Aim of the task
Please write out only the lines from the line with "Sacs & sacs" to the line with "A Grease-Covered Boy", inclusive, exactly as they stand below, without the pictures.
*** Source material ***
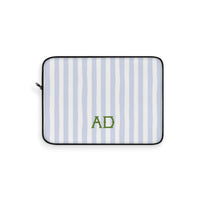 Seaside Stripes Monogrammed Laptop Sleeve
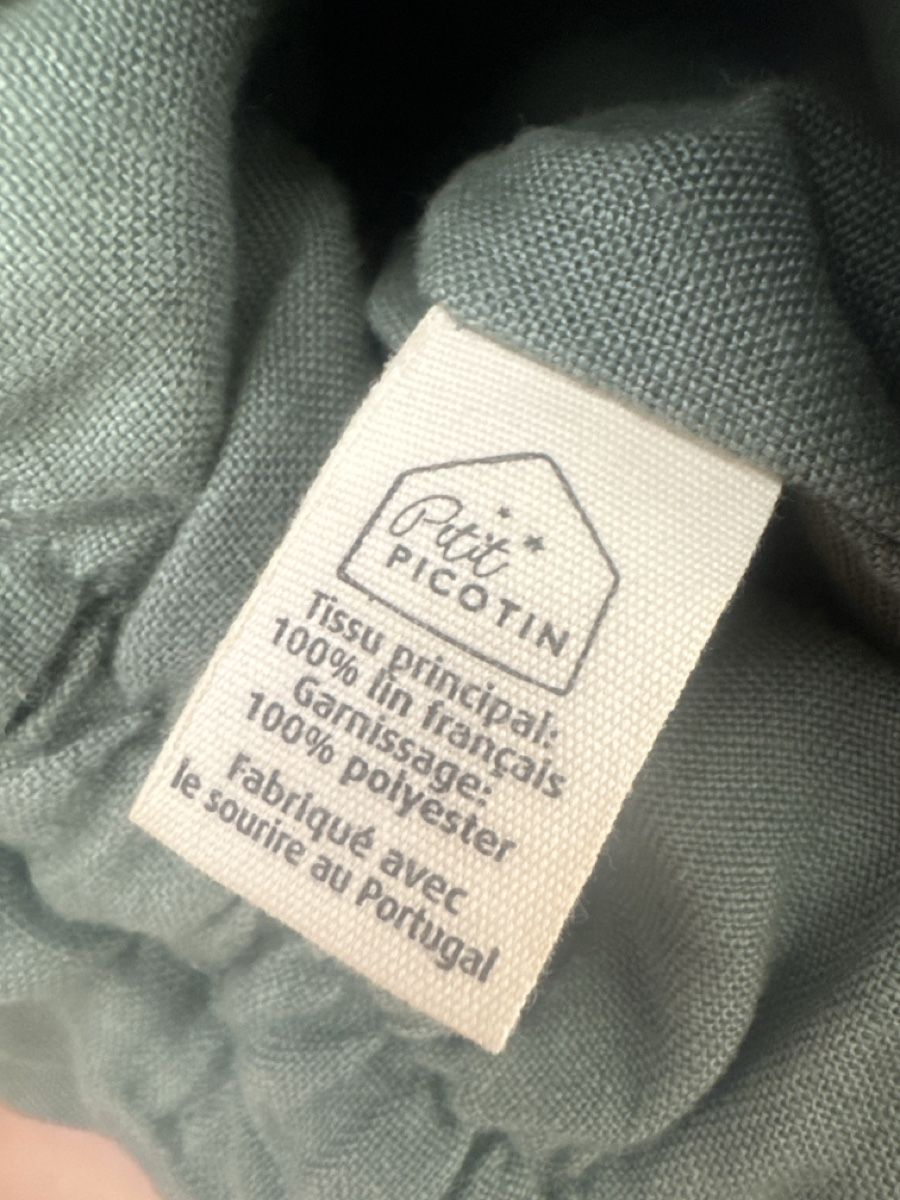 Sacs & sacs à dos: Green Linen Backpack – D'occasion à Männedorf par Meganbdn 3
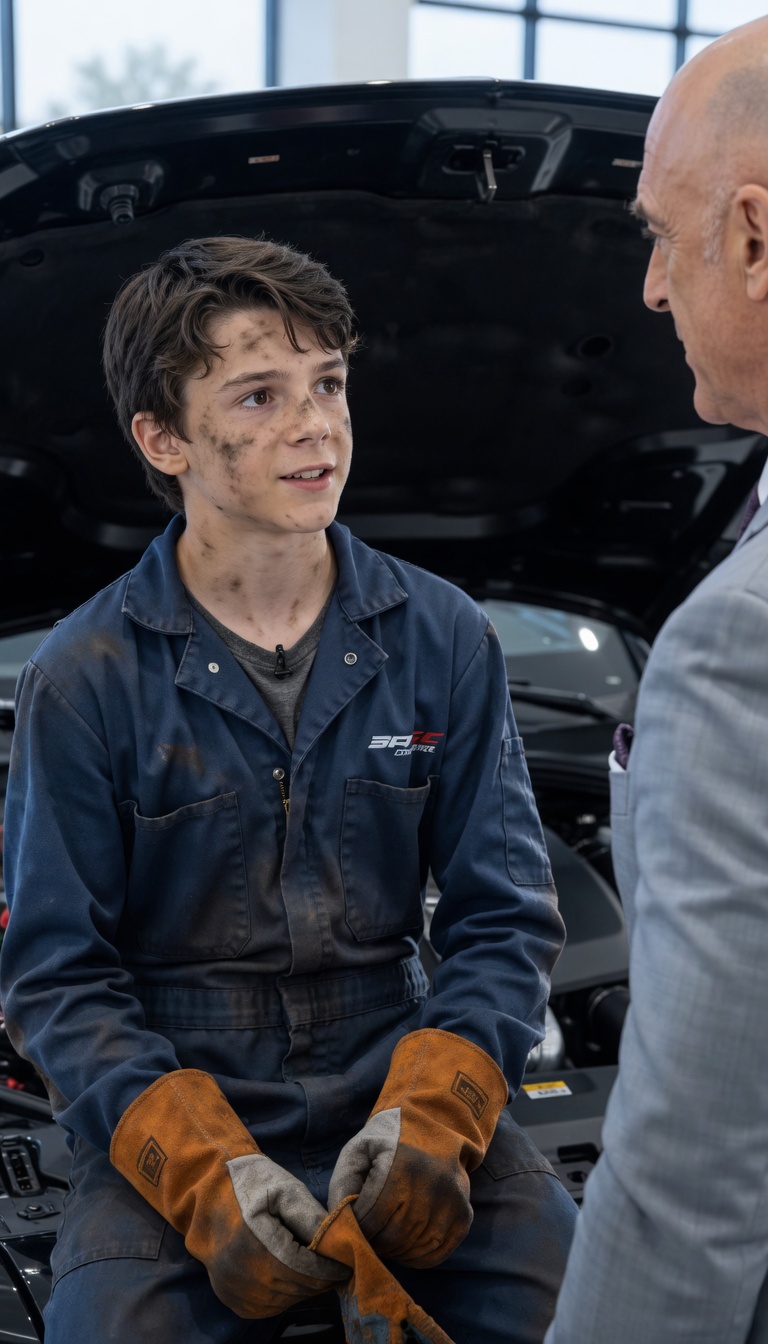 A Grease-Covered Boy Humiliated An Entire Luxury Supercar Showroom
*** End of Source material ***
*** Source material ***
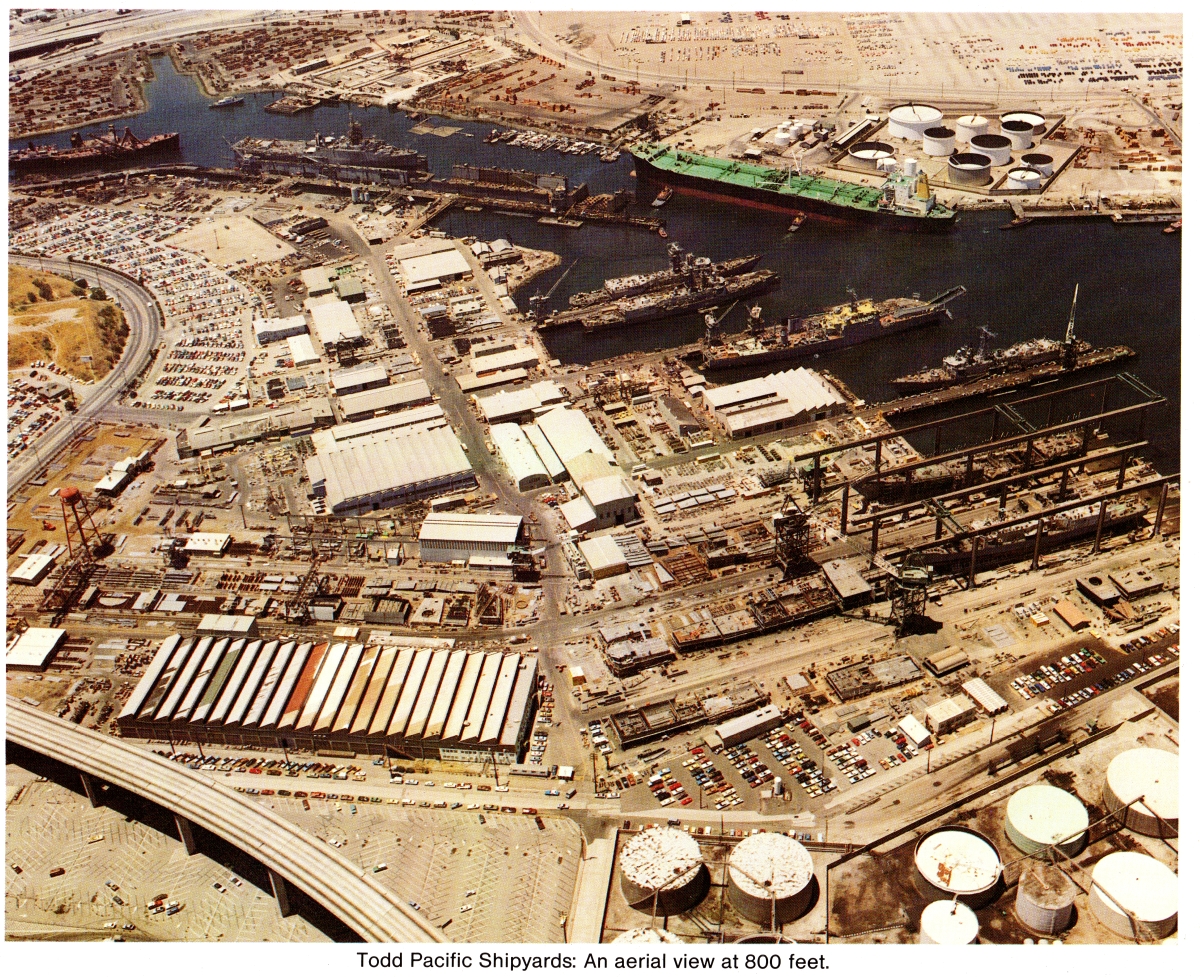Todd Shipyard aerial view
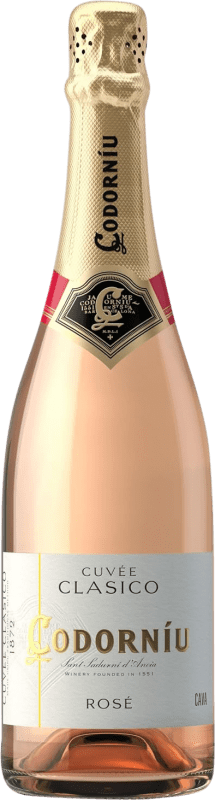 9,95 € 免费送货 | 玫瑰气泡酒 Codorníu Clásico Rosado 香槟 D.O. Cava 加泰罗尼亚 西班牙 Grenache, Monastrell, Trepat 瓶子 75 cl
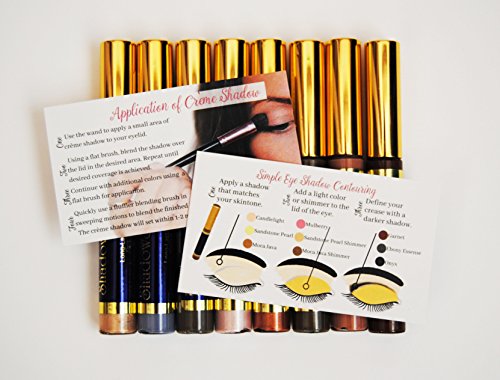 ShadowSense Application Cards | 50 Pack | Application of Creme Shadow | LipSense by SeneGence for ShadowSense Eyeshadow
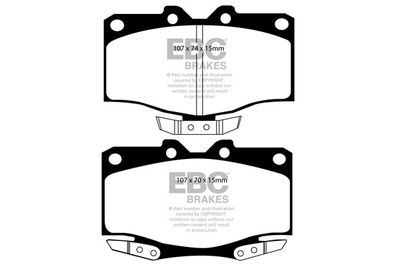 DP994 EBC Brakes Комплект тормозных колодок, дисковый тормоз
*** End of Source material ***
Written answer
 Sacs & sacs à dos: Green Linen Backpack – D'occasion à Männedorf par Meganbdn 3
 A Grease-Covered Boy Humiliated An Entire Luxury Supercar Showroom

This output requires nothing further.